[Work instruction]:
Copy the data exactly. Images are to be left out.

[Stored data]:
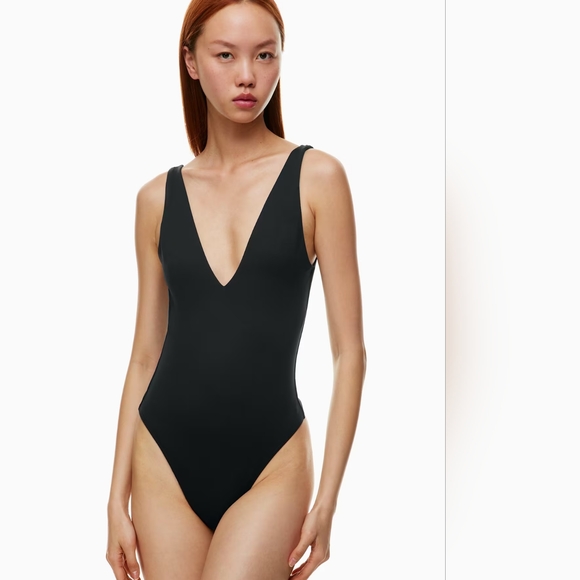 Babaton Tops - Babaton Aritzia Contour V Neck Bodysuit Thong Black Size M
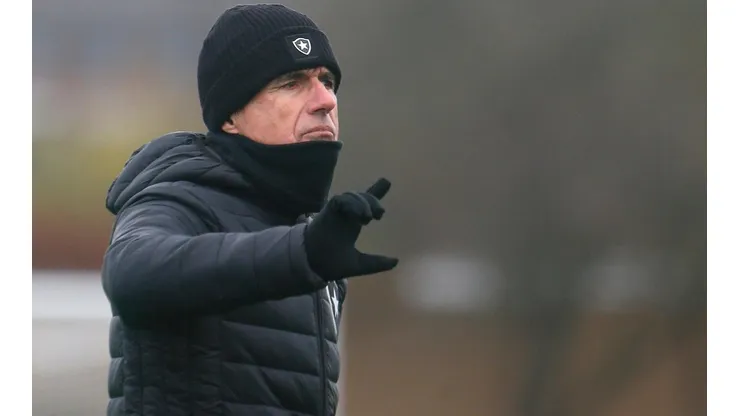 Foto: Vitor Silva/Botafogo/Divulgação - Luís Castro: técnico entrou no radar da Seleção Portuguesa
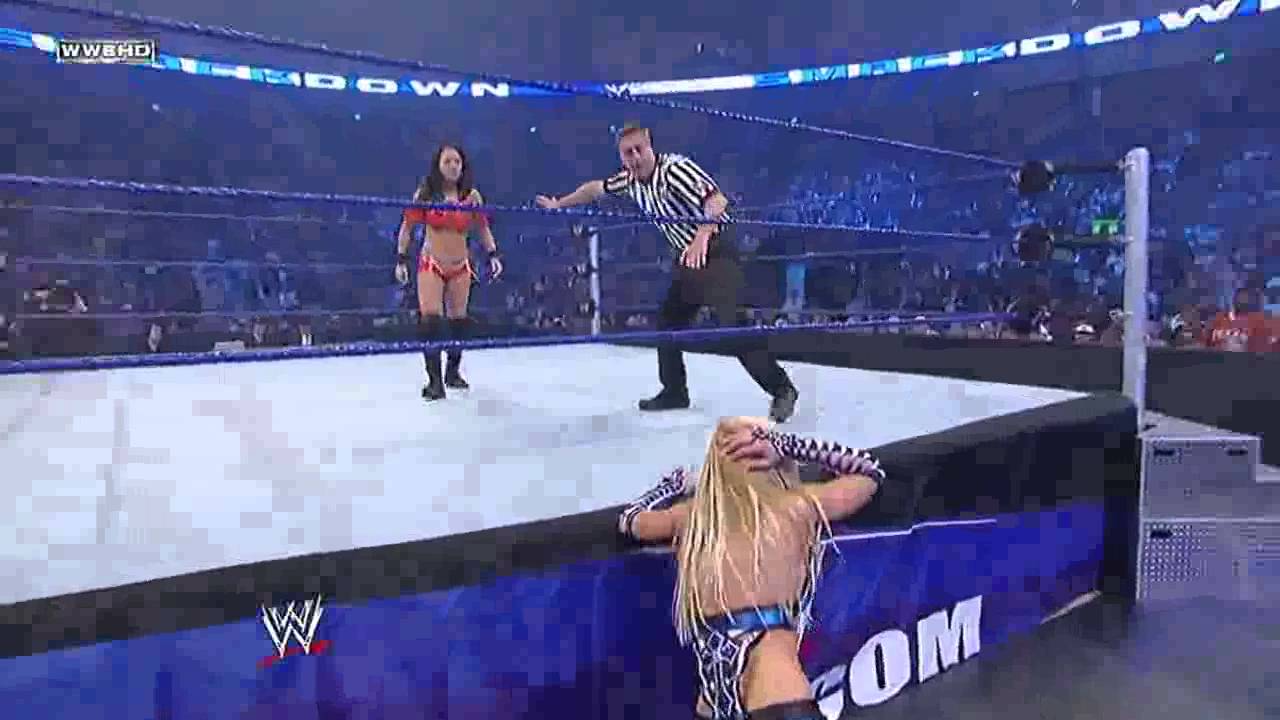 Gail Kim vs Michelle McCool - YouTube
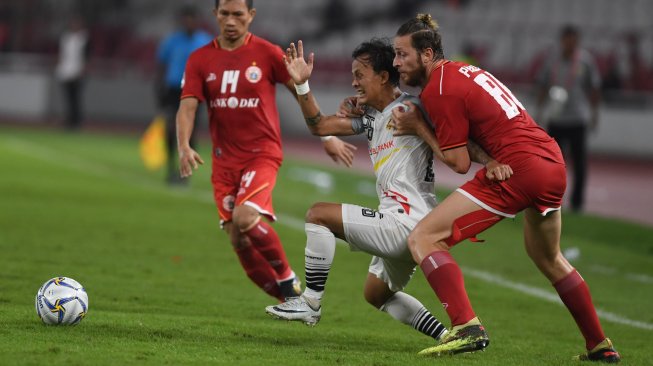 Ditendang, Persija Tanggung Biaya Pemulihan Cedera Steven Paulle Ditendang, Persija Tanggung Biaya Pemulihan Cedera Steven Paulle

[Response to this exercise]:
 Babaton Tops - Babaton Aritzia Contour V Neck Bodysuit Thong Black Size M
 Foto: Vitor Silva/Botafogo/Divulgação - Luís Castro: técnico entrou no radar da Seleção Portuguesa
 Gail Kim vs Michelle McCool - YouTube
 Ditendang, Persija Tanggung Biaya Pemulihan Cedera Steven Paulle Ditendang, Persija Tanggung Biaya Pemulihan Cedera Steven Paulle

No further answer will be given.